Toni Nicolay : Le trafic fluvial est maintenu, et nos lignes régulières de conteneurs continuent à fonctionner avec onze bateaux. Il en est de même pour notre train entre Rotterdam et Kehl. On peut considérer que, avec la crise sanitaire, le Nouvel An chinois a duré plus longtemps que prévu. Avec tout ce qui a été expédié avant ces événements, nous n’avons pas rencontré, jusqu’à présent, de repli de trafic significatif. Bien sûr, certains transports ne se font pas malgré les adaptations que nous réalisons, mais à l’heure actuelle la situation est loin d’être catastrophique.
Il se pourrait que les choses changent, car tout le monde s’attend à une diminution de trafic de l’ordre de 20 à 30% dans les prochaines semaines. Cela viendrait en quelque sorte compenser la baisse du niveau du Rhin, qui aurait dû nous amener à affréter de la cale supplémentaire. Ces affrètements ne se feront pas, et les transports continueront avec notre flotte habituelle.

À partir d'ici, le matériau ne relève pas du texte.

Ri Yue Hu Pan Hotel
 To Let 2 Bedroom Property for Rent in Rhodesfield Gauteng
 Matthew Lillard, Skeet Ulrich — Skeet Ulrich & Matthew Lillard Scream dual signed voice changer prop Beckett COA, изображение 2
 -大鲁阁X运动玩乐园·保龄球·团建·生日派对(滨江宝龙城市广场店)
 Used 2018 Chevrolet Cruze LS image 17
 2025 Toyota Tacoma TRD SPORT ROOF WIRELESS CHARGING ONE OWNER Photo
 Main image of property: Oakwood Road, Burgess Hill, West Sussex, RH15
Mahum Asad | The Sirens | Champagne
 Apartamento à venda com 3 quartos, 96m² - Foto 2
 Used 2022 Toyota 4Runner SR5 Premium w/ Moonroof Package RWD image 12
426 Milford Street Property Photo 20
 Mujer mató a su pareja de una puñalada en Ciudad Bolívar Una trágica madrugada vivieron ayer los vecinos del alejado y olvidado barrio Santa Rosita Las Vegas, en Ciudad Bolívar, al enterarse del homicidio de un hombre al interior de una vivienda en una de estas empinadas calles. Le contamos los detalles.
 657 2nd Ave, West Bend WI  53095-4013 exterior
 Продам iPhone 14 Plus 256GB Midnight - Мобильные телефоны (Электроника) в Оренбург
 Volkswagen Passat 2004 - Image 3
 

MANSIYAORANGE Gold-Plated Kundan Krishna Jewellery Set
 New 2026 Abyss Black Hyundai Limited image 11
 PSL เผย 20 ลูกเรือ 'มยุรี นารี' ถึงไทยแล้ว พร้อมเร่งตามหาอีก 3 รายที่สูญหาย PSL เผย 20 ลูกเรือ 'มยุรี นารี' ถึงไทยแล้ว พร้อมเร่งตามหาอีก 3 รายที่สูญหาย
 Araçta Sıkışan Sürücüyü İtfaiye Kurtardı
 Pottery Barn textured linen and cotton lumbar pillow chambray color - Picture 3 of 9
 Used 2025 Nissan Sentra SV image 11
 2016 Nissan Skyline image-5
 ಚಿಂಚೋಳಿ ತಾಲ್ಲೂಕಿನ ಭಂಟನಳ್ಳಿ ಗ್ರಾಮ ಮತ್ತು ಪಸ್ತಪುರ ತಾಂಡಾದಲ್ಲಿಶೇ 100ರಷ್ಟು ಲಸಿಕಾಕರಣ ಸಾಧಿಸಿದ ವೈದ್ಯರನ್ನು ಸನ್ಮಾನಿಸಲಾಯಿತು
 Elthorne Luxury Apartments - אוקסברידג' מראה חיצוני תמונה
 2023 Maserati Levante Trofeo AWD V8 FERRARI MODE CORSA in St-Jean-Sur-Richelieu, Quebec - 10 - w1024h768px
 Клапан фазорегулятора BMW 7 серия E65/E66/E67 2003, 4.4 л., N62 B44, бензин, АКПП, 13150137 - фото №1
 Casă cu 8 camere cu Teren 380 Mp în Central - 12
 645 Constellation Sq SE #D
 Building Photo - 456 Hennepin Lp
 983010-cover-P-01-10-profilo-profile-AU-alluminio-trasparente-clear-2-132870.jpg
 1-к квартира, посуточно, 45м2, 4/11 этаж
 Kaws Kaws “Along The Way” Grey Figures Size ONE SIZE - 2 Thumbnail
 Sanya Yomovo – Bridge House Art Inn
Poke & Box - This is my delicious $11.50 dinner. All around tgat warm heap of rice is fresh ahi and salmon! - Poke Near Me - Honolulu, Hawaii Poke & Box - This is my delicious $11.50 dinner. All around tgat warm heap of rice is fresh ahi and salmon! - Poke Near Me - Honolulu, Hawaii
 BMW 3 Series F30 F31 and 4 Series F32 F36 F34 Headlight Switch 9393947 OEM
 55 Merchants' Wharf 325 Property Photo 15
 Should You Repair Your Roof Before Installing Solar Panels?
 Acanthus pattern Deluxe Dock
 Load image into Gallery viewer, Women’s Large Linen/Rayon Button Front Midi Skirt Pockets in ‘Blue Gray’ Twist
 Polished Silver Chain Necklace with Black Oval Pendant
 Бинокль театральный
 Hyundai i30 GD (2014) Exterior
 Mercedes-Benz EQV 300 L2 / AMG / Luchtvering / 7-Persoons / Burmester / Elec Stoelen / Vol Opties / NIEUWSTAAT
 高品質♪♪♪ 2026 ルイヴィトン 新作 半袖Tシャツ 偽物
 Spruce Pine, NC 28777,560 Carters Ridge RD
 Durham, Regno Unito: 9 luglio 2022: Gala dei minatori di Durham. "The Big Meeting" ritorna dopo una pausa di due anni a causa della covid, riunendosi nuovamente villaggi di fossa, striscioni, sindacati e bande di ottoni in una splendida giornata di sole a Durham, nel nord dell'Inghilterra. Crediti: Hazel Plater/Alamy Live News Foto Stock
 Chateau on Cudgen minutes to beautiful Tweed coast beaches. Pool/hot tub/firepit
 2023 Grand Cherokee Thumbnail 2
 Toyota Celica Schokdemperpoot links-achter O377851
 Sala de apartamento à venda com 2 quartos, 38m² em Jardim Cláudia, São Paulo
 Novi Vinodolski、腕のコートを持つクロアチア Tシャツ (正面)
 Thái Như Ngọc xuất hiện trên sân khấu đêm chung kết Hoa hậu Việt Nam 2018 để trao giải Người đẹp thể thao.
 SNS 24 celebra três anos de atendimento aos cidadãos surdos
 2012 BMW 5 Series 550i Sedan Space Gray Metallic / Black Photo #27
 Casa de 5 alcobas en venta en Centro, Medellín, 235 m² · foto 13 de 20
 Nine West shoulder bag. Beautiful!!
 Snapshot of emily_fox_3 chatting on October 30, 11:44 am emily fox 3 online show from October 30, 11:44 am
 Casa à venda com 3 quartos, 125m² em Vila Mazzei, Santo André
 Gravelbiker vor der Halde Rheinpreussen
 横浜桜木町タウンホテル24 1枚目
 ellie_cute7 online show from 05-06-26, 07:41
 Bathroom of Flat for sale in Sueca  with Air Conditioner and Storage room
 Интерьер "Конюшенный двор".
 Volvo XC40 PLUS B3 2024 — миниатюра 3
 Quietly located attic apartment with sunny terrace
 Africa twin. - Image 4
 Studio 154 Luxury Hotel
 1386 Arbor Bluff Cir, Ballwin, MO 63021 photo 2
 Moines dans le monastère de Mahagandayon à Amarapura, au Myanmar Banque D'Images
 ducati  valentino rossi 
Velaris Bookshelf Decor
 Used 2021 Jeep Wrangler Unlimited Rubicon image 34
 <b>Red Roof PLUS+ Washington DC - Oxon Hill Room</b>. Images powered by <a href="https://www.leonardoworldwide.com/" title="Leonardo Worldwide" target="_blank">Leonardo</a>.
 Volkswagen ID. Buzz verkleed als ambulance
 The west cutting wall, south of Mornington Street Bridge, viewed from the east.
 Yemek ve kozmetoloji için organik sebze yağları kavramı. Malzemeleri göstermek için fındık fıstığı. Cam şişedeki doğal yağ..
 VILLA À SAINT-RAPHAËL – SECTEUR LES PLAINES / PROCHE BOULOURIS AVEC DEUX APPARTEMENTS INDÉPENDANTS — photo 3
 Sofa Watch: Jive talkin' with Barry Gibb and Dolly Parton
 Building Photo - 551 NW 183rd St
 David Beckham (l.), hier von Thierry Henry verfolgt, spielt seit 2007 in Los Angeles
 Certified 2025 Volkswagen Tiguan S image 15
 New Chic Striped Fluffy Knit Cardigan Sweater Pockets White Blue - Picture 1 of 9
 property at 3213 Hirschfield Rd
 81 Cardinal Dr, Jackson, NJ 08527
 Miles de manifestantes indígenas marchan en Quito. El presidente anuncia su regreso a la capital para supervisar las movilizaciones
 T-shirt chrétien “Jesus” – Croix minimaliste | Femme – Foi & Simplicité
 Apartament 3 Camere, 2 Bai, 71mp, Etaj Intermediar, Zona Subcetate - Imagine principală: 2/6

Une difficulté à laquelle nous risquons aussi d’être confrontée est celle des nouveaux arrivages des conteneurs en provenance de Chine, qui ne pourront peut-être pas être reçus dans l’arrière-pays. Il y a en effet un souci de stockage intermédiaire, de nombreuses entreprises étant à l’arrêt. D’autres, au contraire, vont reprendre le travail, ce qui rend difficile l’appréciation du problème.
NPI : Comment vous adaptez-vous à la fermeture nocturne, depuis le 1er avril, des écluses du Rhin supérieur ?
Toni Nicolay : Les écluses du Haut-Rhin fonctionnent, en effet, avec des horaires réduits : c’est un défi qu’il nous faut relever. Nous adaptons pour cela nos horaires de navigation, et réduisons le nombre de passages dans les ports. Nous continuons à desservir tous les terminaux, mais tous les bateaux ne font plus escale dans tous les terminaux comme c’était le cas précédemment. Si un bateau fait escale à Strasbourg, ce sera un autre qui ira à Kehl ; de la même façon, un bateau ira à Ottmarsheim et un autre à Neuf-Brisach.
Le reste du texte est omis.